I might order something from : Guzmania rot - Guzmania Rotes Schwert - Guzmania spec. Lila and have my mother, who currently is in Germany, bring the package along.

I haven't quite decided what critters I should keep in the water. Since the crabs apparently eat fish, I think guppies should be safe. I was also thinking about cory habrosus or other small bottom dwellers. Who knows.

For now enough rambling. Here are some shots:




Brom wee willy


----------



## KRich Frogger

Look awesome


----------



## Duff

Totally agree, it does look awesome! When are the crabs coming?

Duff


----------



## Los3r

That looks amazing!


----------



## dormfrogger

Sweet Build!


----------



## JohnVI

Looks good!


----------



## zachxbass

This looks awesome! With the titebond/peat mix, do you just mix some in a small container until you get a consistency that you can spread? Or do you put the TB on then press peat into that?
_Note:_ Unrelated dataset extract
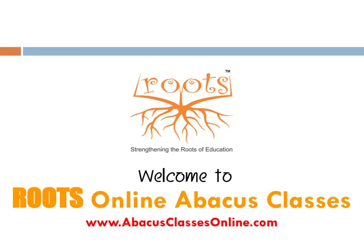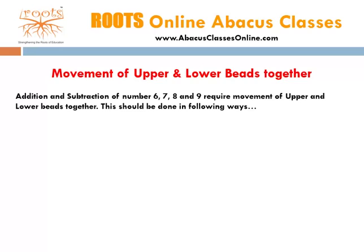Welcome to Roots Online Abacus Classes. In this lesson, we will learn how to move upper and lower beads together for addition and subtraction. Addition and subtraction of numbers 6, 7, 8, and 9 require movement of upper and lower beads together. This should be done in the following ways.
Sent from my kindle fire using tapatalk


----------



## hypostatic

How I feel about this viv:










And show us some crabs!!


----------



## redtxn

Looks great! Geosesarma are going to look fantastic in there.

I always wondered about what leeches into the water during initial setups. When setting up a new ecosystem such as this, do you need to let the pump run a few days and then do a water change? Or maybe add water conditioner to remove chlorine and hard metals like when setting up aquaria?


----------



## Hobbes1911

zachxbass said:


> This looks awesome! With the titebond/peat mix, do you just mix some in a small container until you get a consistency that you can spread? Or do you put the TB on then press peat into that?
> 
> Sent from my kindle fire using tapatalk


Thank you for the kind words 

I mixed TBIII with water (a little amount) and peat in a bucket until I had the consistency. Actually, what i did was, I dampened the peat, until it stuck in a clump when you pressed it together. Then I added the TBIII until I had the consistency I wanted. I was going for runny oatmeal. Then I just covered the background with it in thicker patches. 

The silicone section I did differently. I just smeared brown silicone onto the background and then added the dry peat moss onto the silicone thickly, pressed it in and let it dry. Since the silicone is brown, you can't really tell where the peat moss stuck and where it didn't. The rim around the land areas is covered in mostly silicone only since the peat didn't stick. Those areas will definitely need to be covered with moss in time.


----------



## Hobbes1911

redtxn said:


> Looks great! Geosesarma are going to look fantastic in there.
> 
> I always wondered about what leeches into the water during initial setups. When setting up a new ecosystem such as this, do you need to let the pump run a few days and then do a water change? Or maybe add water conditioner to remove chlorine and hard metals like when setting up aquaria?


I am going to let the water cycle quite a long time actually. I am doing weekly water changes and the filter is rather loaded with activated carbon and purigen. Also, the filter is a big one (something like 340 gph (at least that's what it's rated at, I'm assuming I have a bit less but it should still be upwards of 100 gph) for the total volume of roughly 8 or so gallons. 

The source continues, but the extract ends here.